APM: Entendo que seria a precarização do trabalho intelectual do profissional.
ABI: Qual a orientação para quem deseja compartilhar produção alheia?
APM: A reprodução de produção alheia deve se dar mediante autorização. Neste sentido, os usuários que queiram divulgar ou compartilhar uma produção devem verificar o tipo de licença utilizada pelo autor daquela produção de conteúdo, foto ou vídeos. Entendo que os autores destes conteúdos podem oferecê-los sob uma licença de uso, o que não quer dizer que eles estariam ou estão abrindo mão do seu direito de autor. Muito pelo contrário, o autor da obra continua com sua titularidade, seja ela licenciada para uso livre ou com todos os direitos reservados. Caberá a quem utilizar mencionar o dono da obra e, caso assim não o faça, responderá pelo uso indevido da imagem ou do conteúdo.
ABI: O que é o Creative Commons e como funcionam as licenças?
APM: Considerando a rigidez da Lei de Direitos Autorais, a distribuição de conteúdo também fica bem rígida, o que vem a ser uma perda intelectual. Assim sendo, o Creative Commons ajuda o autor da obra a definir de que maneira e condições de uso permitirá que terceiros utilizem a sua produção, através da geração de um selo gratuito que você passará a inserir em todo o material produzido.
ABI: Qual a diferença entre Creative Commons e Copyright?
APM: Na prática, o Copyright não é exatamente uma licença de uso, e sim um veto: ninguém pode usar nenhuma linha/fotografia/música/etc. de sua autoria sem antes pedir autorização por escrito e receber a autorização também por escrito.

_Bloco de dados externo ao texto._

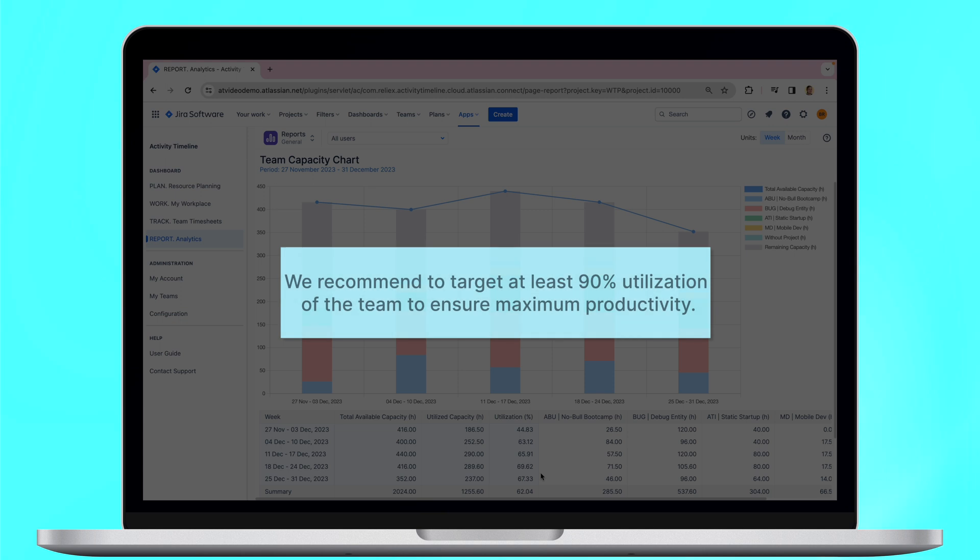Our recommendation is to target at least 90% utilization of the team to ensure maximum productivity.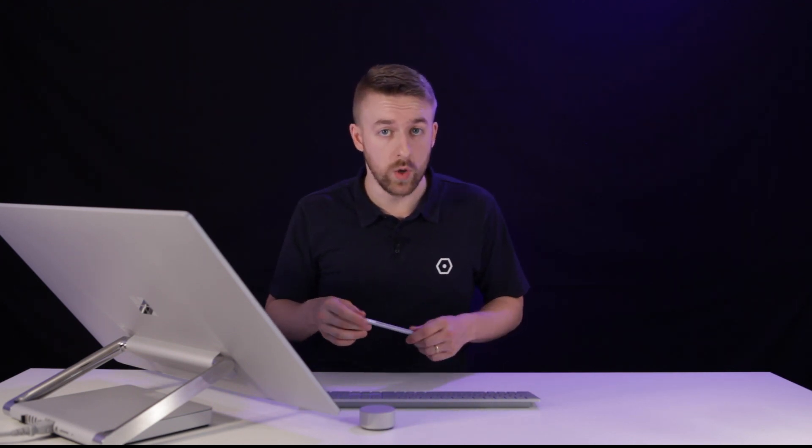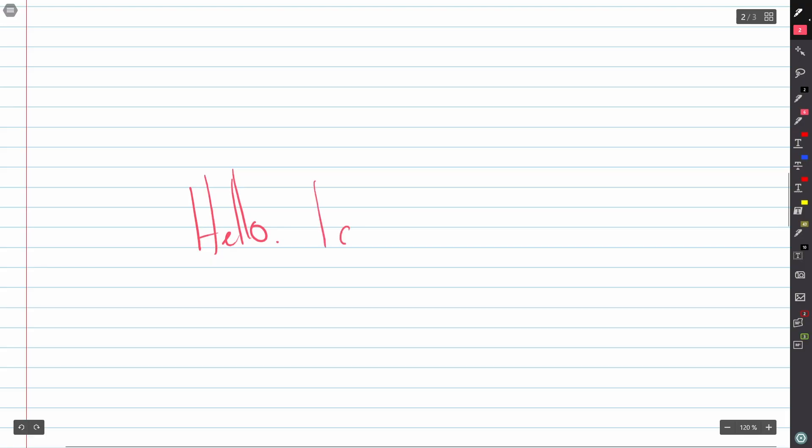Ink in Drawboard PDF behaves like real ink, and we've made it to work really well with pens like the Surface Pen or the HP Elite Pen. It's pressure sensitive, and it doesn't feel like you're finger painting like a one-year-old.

- Confira abaixo as licenças e as condições de uso possíveis:
1) As condições
>> Atribuição: “by” – Permite que seu trabalho seja copiado, distribuído, exibido e executado com direitos autorais reservados a você, e que outros trabalhos derivem do seu, mas dando o seu crédito da maneira que você pedir.
>> Comparilhamento pela mesma licença (Share Alike): “as” – Permite que outras obras sejam criadas a partir da sua, desde que sob termos idênticos ao da sua obra.

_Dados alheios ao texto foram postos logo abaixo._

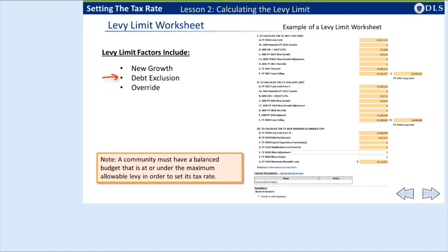A debt exclusion is an action taken by a community through a binding referendum vote to raise the funds necessary to pay debt service costs for a particular project from the property tax levy, but outside the limits of Proposition 2.5 for the life of the debt. An override is a permanent increase to the levy limit that also requires a binding referendum approval.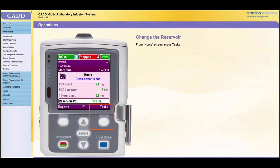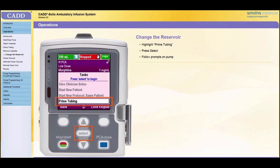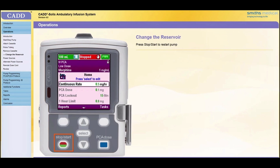If it is necessary to prime the tubing after a bag change and before restarting the pump, follow these steps. From the Home screen, press Tasks. Scroll down to highlight Prime Tubing and press Select. Prime Tubing as outlined earlier in this operations module of the training. Note: if the keypad is locked, enter the security code when prompted. Press the Stop Start key to restart the pump.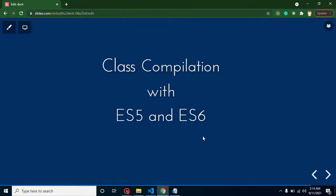Hi developers, welcome back to Code Step by Step. My name is Anil. In this part of TypeScript we will learn how we can compile our TypeScript classes with ECMAScript 5 and 6. So first of all, let's understand how we can change the compilation target with ECMAScript 5, 6, and some other things.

>> Não comercial: “nc” – Permite que outros copiem, distribuam, exibam e executem seu trabalho e obras dele derivadas, desde que sem fins comerciais.

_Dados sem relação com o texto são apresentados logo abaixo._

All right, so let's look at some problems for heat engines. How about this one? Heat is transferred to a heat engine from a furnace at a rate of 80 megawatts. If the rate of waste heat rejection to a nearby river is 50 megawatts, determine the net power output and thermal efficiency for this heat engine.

>> Não a obras derivadas: “nd” – Permite que sua obra seja copiada, distribuída, exibida e executada, mas não permite que se criem outros trabalhos com base no seu.
2) As licenças
>> Attribuition: cc by
Permite que sua obra seja distribuída, remixada, ajustada e que obras derivadas sejam produzidas tendo a sua como base, mesmo que com fins comerciais, desde que seja feito o crédito para a criação original, ou seja, a sua. É a mais livre das licenças Creative Commons.
>> Attribuition Alike: cc-by-sa
Permite que sua obra seja remixada ou usada como base para outras, mesmo por razões comerciais, desde que com crédito para a obra original e sob a mesma licença. Softwares livres geralmente usam esta licença.
>> Attribuition No Derivatives: cc by-nd
Permite a redistribuição, comercial ou não, desde que sem alterações e na íntegra, com crédito para o autor da obra.
>> Attribuition Non-Commercial: cc by-nc
Permite que sua obra seja remixada ou seja base de outras, porém, sem uso comercial. O crédito deve ser dado a você como autor da obra original, especificando que o uso é não-comercial. As obras derivadas não precisam ter os mesmos termos de uso que a sua.
>> Attribuition Non-Commercial Share Alike: cc by-nc-as
As pessoas podem fazer download da sua obra, redistribuí-la, remixá-la e usá-la como base para outros trabalhos, desde que lhe dê o crédito e licencie a obra sob os mesmos termos.
>> Attribuition Non-Comercial No Derivatives: cc by-nc-nd
Permite a redistribuição do seu trabalho, desde que com créditos a você e não podendo alterar sua obra e nem usá-las comercialmente.